Morris was nice to me, gentle and soft spoken.  He was an accountant and the only one who worked in the family, which at that time was quite normal. 

Mara's grandmother, across the street, also spent days at her daughter's house.  She cooked all the time and was much nicer than the Lieberman grandmother.  She made gefilte fish, which I loved, and yummy chopped liver.  There was always something ethnic and delicious there to eat.  She looked entirely different from Miriam and Rebecca's grandmother.  She was round and short and her legs from the ankle up were the same thickness.  Later, her ankles swelled quite a bit and would bulge over the edges of her shoes, making those tight old lady shoes look very uncomfortable. 

One year when I was in 4th grade, there was a fire at the Lieberman house that started in the kitchen.  They all moved into the grandparent's apartment for the time it took to renovate the house.  It was late fall and when Hanukah came, they placed a Menorah in the window and lit the proper candles each night.  It looked so ghostly in the blackened picture window of the house.  I remember how it gave me the creeps to see the house empty and injured.  Once I visited Miriam and Rebecca at their grandmother's apartment.  It was comfortable and cozy and I do remember old photographs of ancestors in big, embellished frames on the walls there. 

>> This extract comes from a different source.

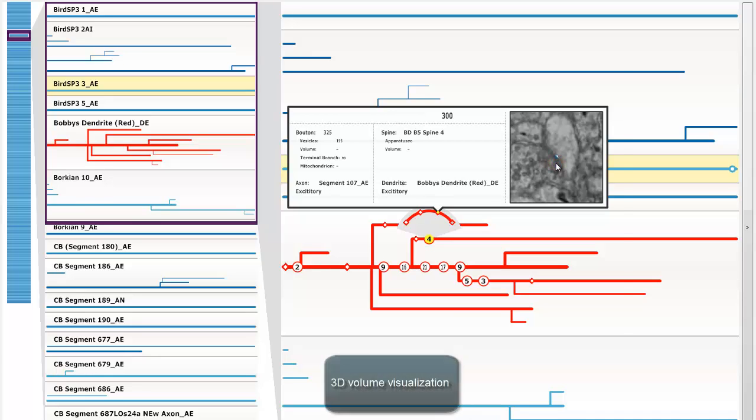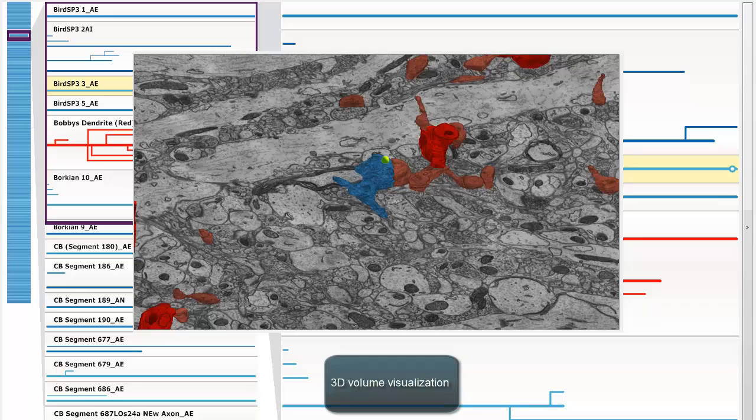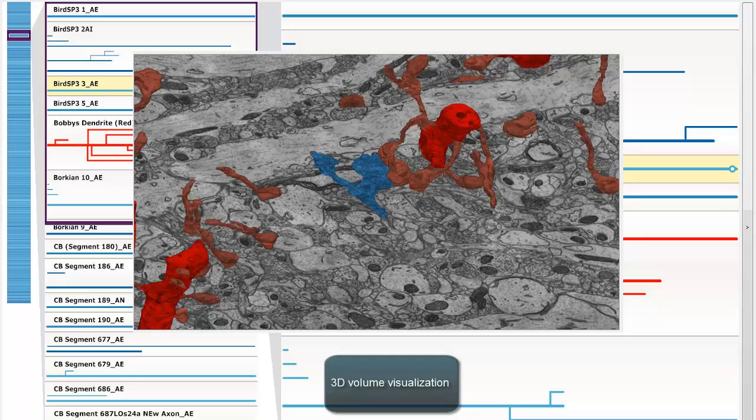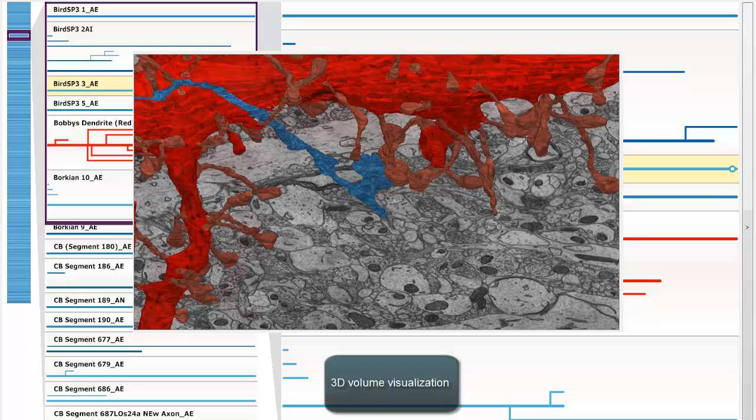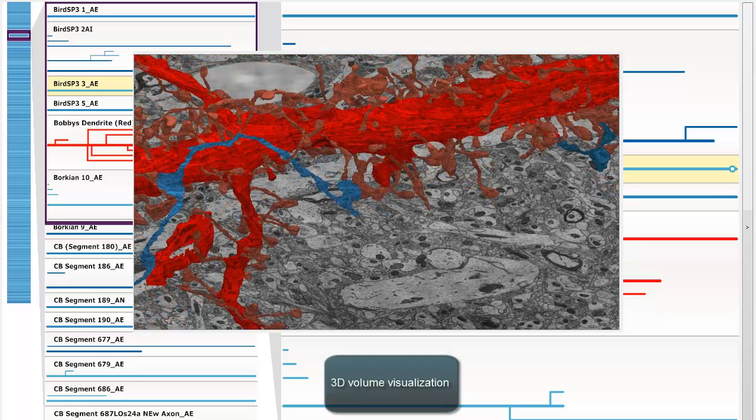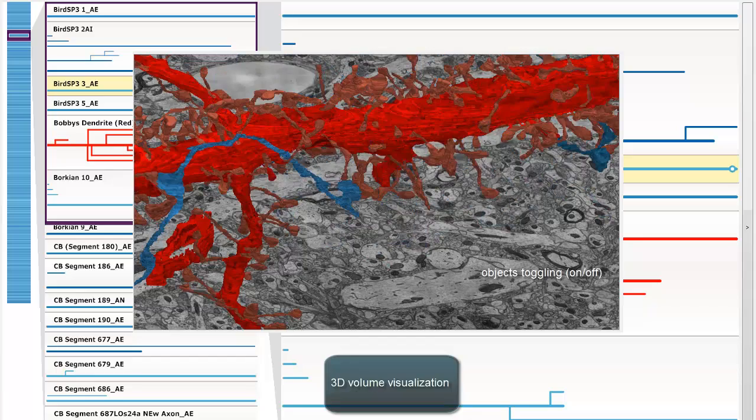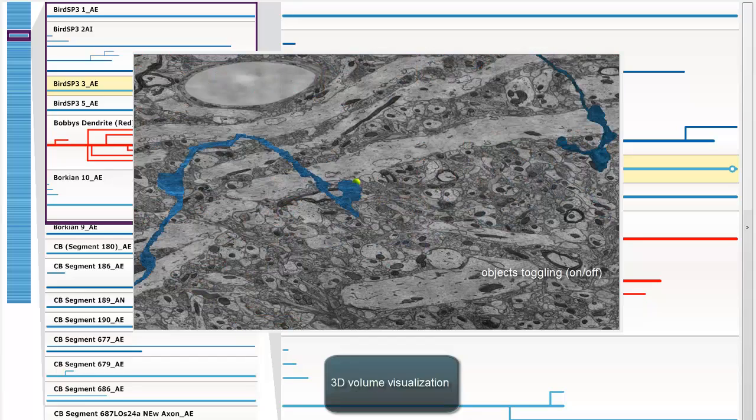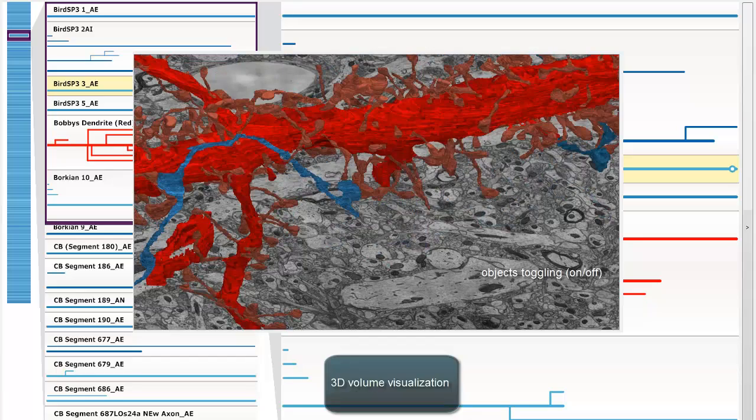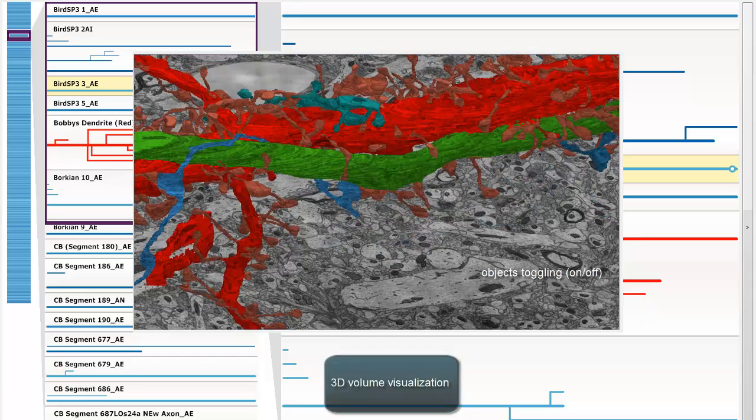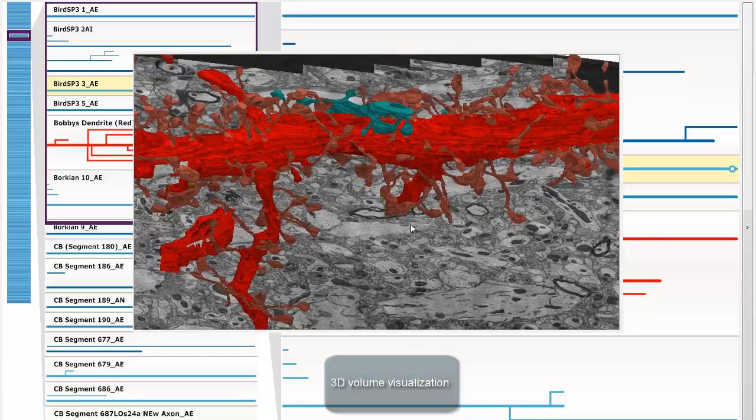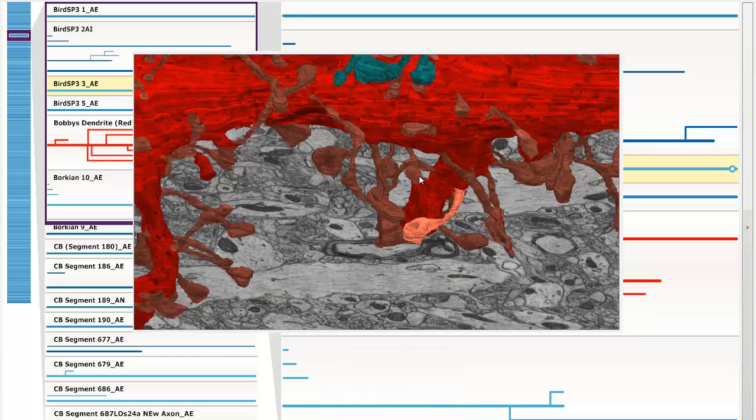Furthermore, each synapse is linked to a 3D view. By clicking on the 2D slice view, the user automatically navigates to the synapse location in the connected and fully interactive volume rendering. Thank you for watching.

I wish I could go back in time and be kinder and more understanding of these women - all of them, but especially the grandmothers and grandfathers.  I wish I could have learned their histories.  Even without the Holocaust, life was very dangerous in Europe for Jews, so no doubt they had stories to tell.  I was far too young to be able to do any of these things.  I didn't find out about the Holocaust until I was about 12 years old and my parents were watching "World At War".  There were the live scenes from the liberation of the concentration camps, bulldozers pushing stick thin, bald bodies;  arms, legs, staring eyes, heads in mountainous piles, rolling over and over, the parts sticking up at crazy angles.  I was absolutely stunned, frightened and shocked.  I remember asking my parents about what we were watching and they explained a bit, but no one could ever explain how this could happen in a supposedly civilized world, committed by a very civilized country.   I knew from that point on that the world in which I lived was not what I had grown up to believe and I've never been the same.  I have no illusions about human beings and what they are capable of. 

2 comments:

cand051997 said...

Nice job of changing the names and then you go to the real names at the end. . . .Investigative reporter you are not - your sources would have never kept their anonymity and probably would have had their own reality show.. . .Nice story though. . . .I remember them the same way. . . . .

Susan Humeston said...

Look at it now. I was in the middle of changing it and I had a computer problem for about 10 minutes so I couldn't finish it. It should be good now. By the way - the book was fabulous.